Kephart emphasized that fundamental questions in particle physics remain on the energy, cosmic, and intensity frontiers. The future electron-positron collider could help solve the puzzle of how particles acquire mass, the nature of dark energy, or the properties of neutrinos, to name a few. The proposed ILC design features two opposing linear particle accelerators, each 12 kilometers long.
The discussion quickly shifted to economic and technological benefits deriving from the ILC, with presentations by the Director of the ILC Americas Regional Team Mike Harrison, and also by Paul Grannis of Stony Brook University. The speakers focused on innovative ILC particle accelerator technology, particularly Superconducting Radio Frequency (SCRF)-based systems such as cavities and cryomodules.

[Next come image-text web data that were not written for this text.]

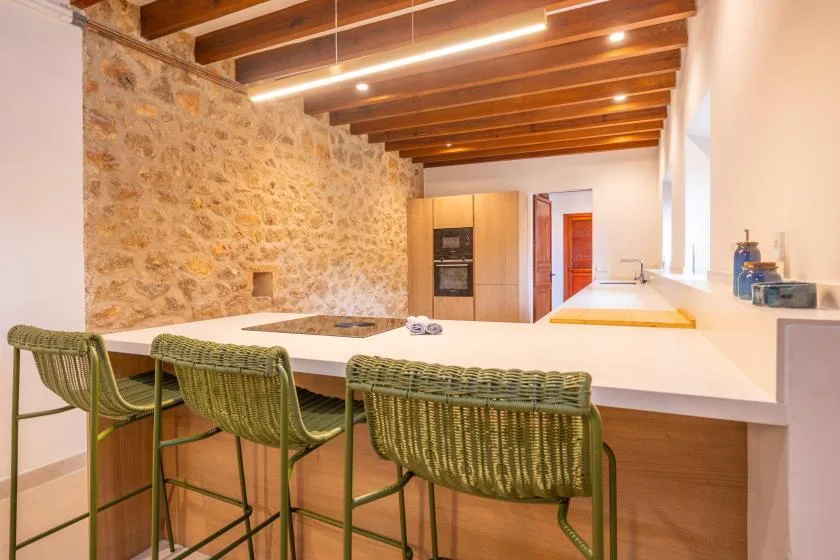 Una cocina con una barra larga, taburetes tejidos y vigas de madera a la vista.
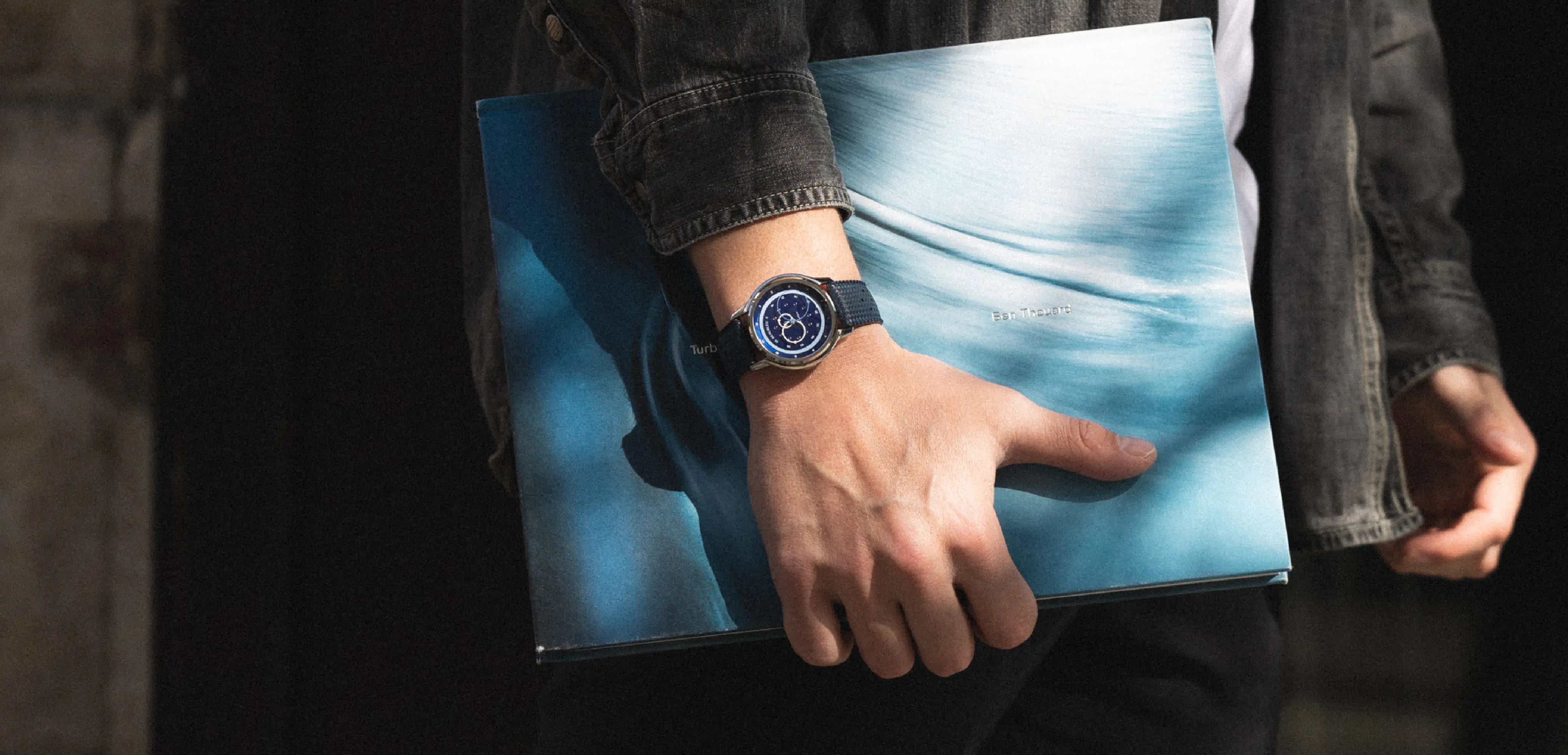 GMT bleue au poignet en tenant un livre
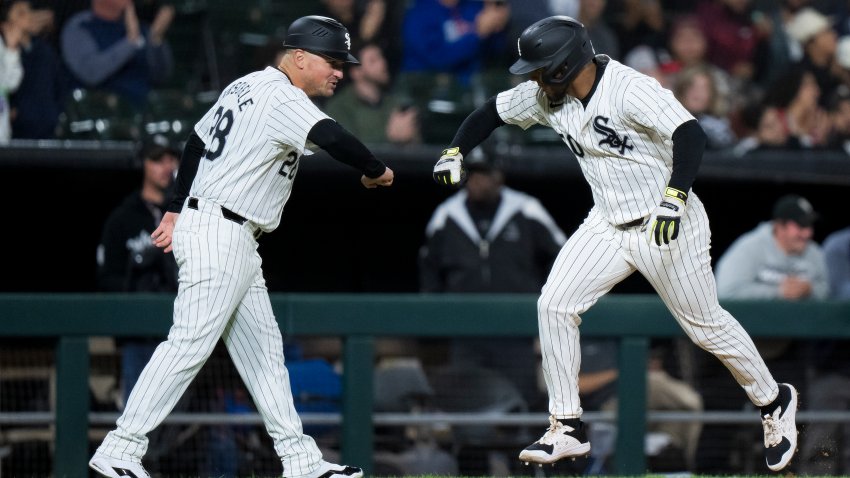 CHICAGO, ILLINOIS – SEPTEMBER 25: Lenyn Sosa #50 Justin Jirschele #28 of the Chicago White Sox celebrate a home run in the bottom of the fourth inning in a game against the Los Angeles Angels at Guaranteed Rate Field on September 25, 2024 in Chicago, Illinois. (Photo by Matt Dirksen/Getty Images)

Cavities are used to accelerate charged particles to high energies by applying a radiofrequency electromagnetic field to the particle beam. SCRF cavities are made from pure niobium chilled to near absolute zero temperatures. Unlike traditionally used copper cavities, SCRF cavities conduct electric current with almost no loss of energy, ensuring that the majority of electrical energy goes into accelerating the beam, rather than into heating up the accelerating structures themselves.
In the past decade, physicists, engineers, and technicians continue to work on the challenging task of creating the ultra-smooth and polished niobium surfaces needed to retain superconductivity in the presence of large radiofrequency magnetic fields. SCRF research and development programs in the US include the Operational Spallation Neutron Source (SNS) at Oak Ridge in Tennessee, and the Continuous Electron Beam Accelerator Facility (CEBAF) at Jefferson Lab in Virginia.

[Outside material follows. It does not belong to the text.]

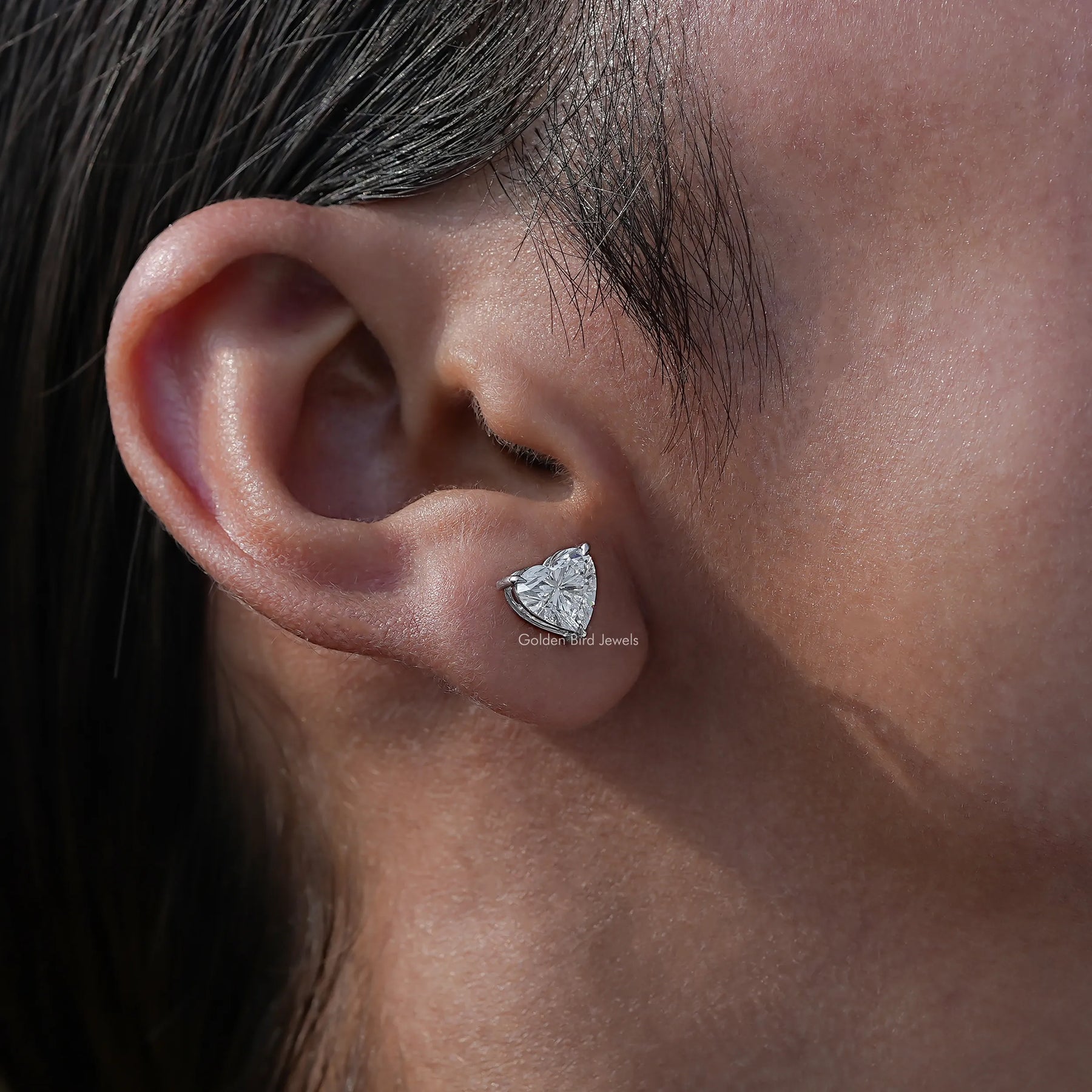 Heart shaped solitaire diamond stud earings in white stone 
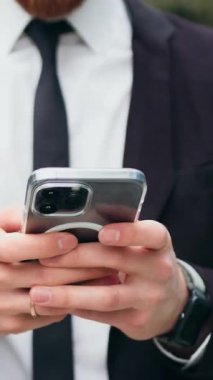 Kapatın. Dışarıda cep telefonu kullanan ciddi bir iş adamı. Sohbet etmek, internet üzerinden iş yapmak ve şehir merkezinde internet, iletişim ve ağ kurmak için gezmek. Yavaş çekim.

While development occurs at laboratories, there is an ongoing effort to shift production and processing of cavities and other critical ILC components to American industry. There is much industry concern, as only one small US business is currently certified to manufacture SCRF cavities. The Department of Energy (DOE) laboratories use SCRF cavities manufactured by European companies.

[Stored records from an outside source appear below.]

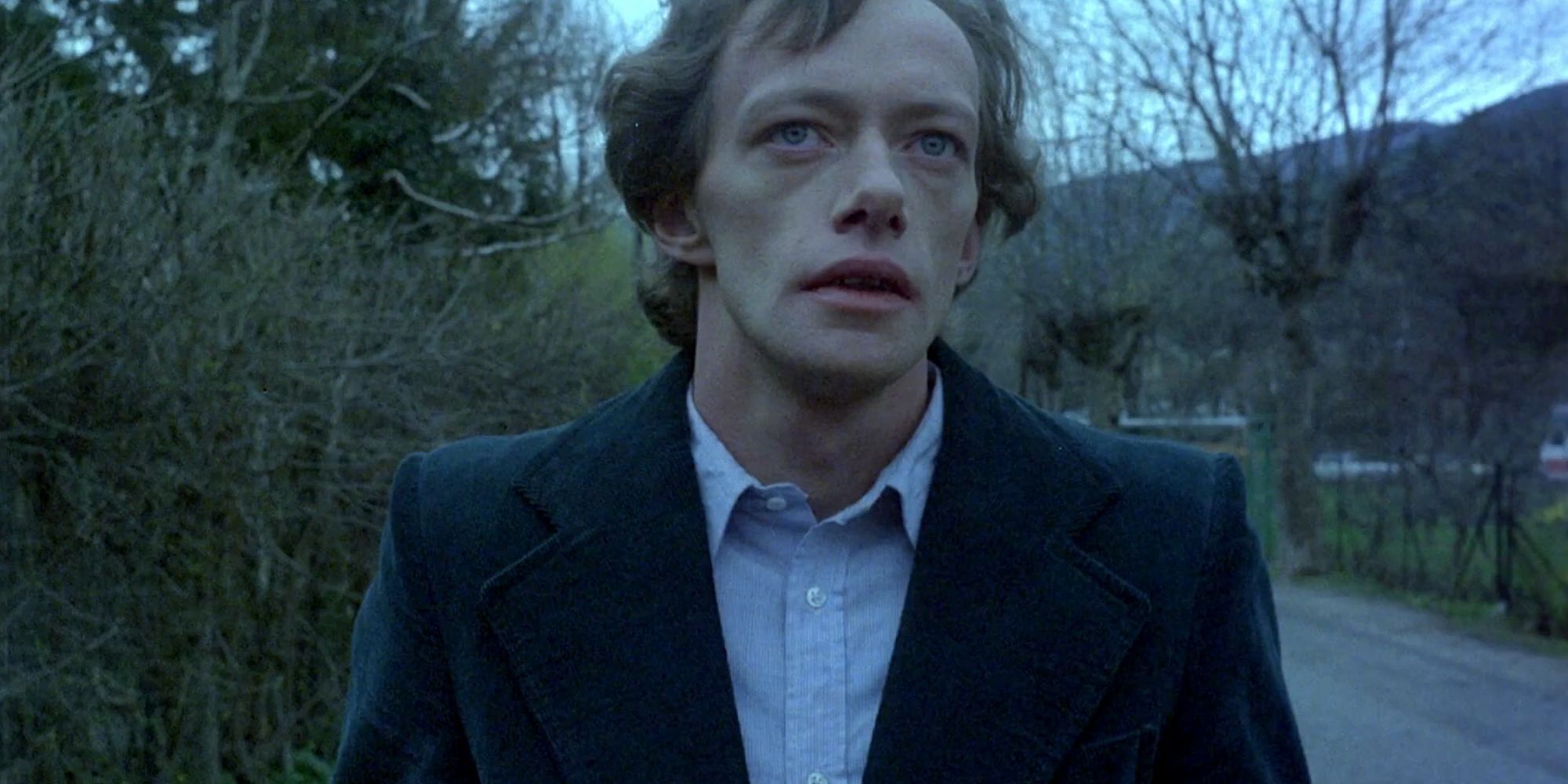 A young man walking down the street in the film Angst.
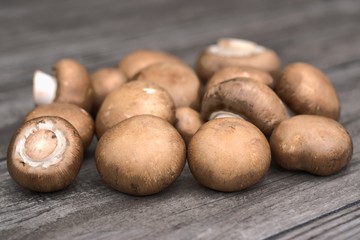 Fresh brown mushrooms on a wooden background.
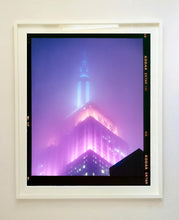 Load image into Gallery viewer, 'NOMAD VIII (Film Rebate)', New York. Richard Heeps has photographed the iconic Empire State building in the mist. The NOMAD sequence of photographs capture the art deco architecture illuminated by changing colours, and is part of Richard's street photography portfolio which depict the colour, fabric and structure of cities with distinct style. This 6x7 format edition is bordered by the Kodak film rebate. 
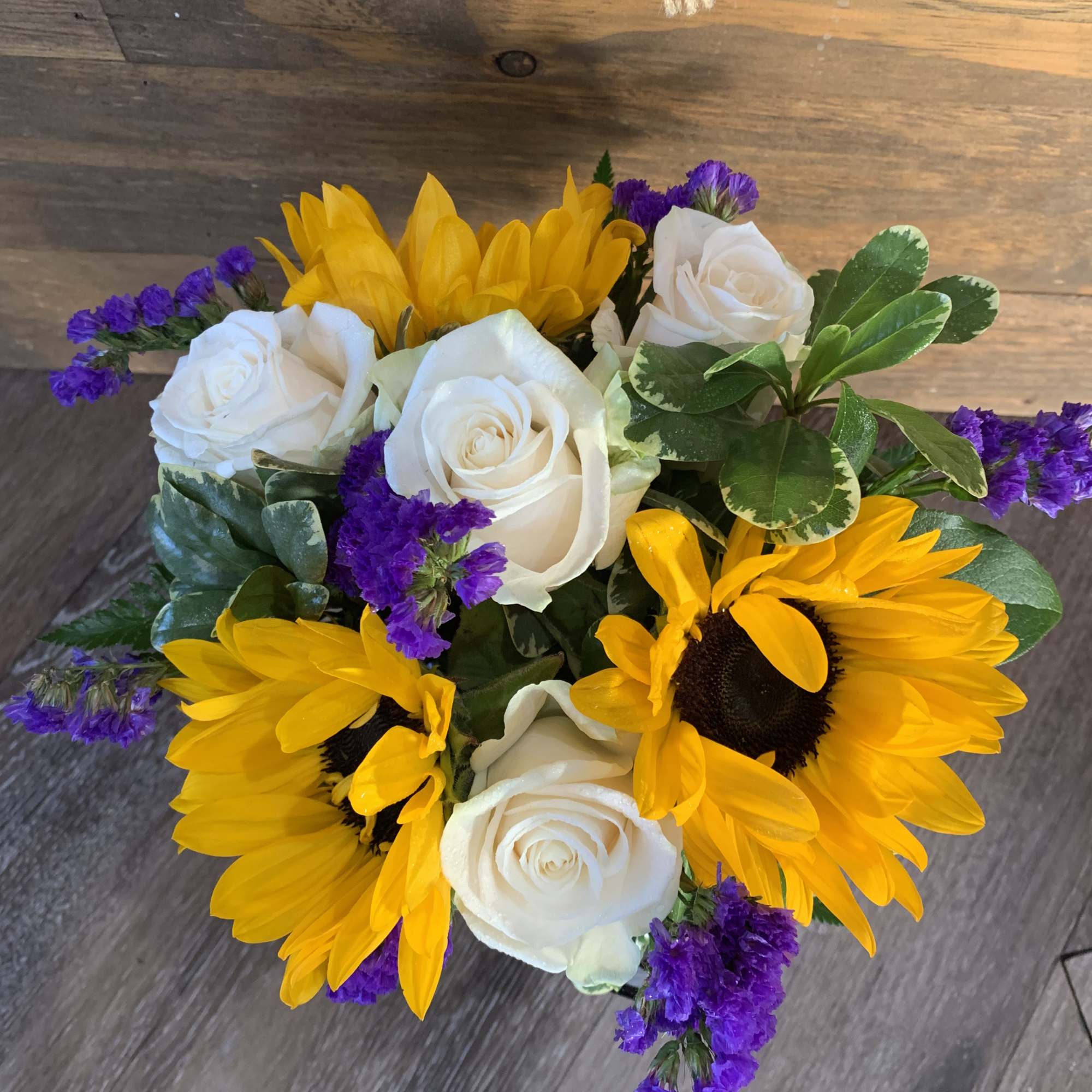 Mason jar filled with sunflowers and roses, photo 2 of 2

There is also impetus to house the ILC on US soil. The Department of Energy’s Office of Science has supported the ILC as a scientific priority and has stated that Fermilab is the US candidate site for the Collider. After an overview of the ILC research and development plan by the Project Manager of the Americas Regional Team, Marc Ross, the meeting closed with statements by LCFOA board of director companies.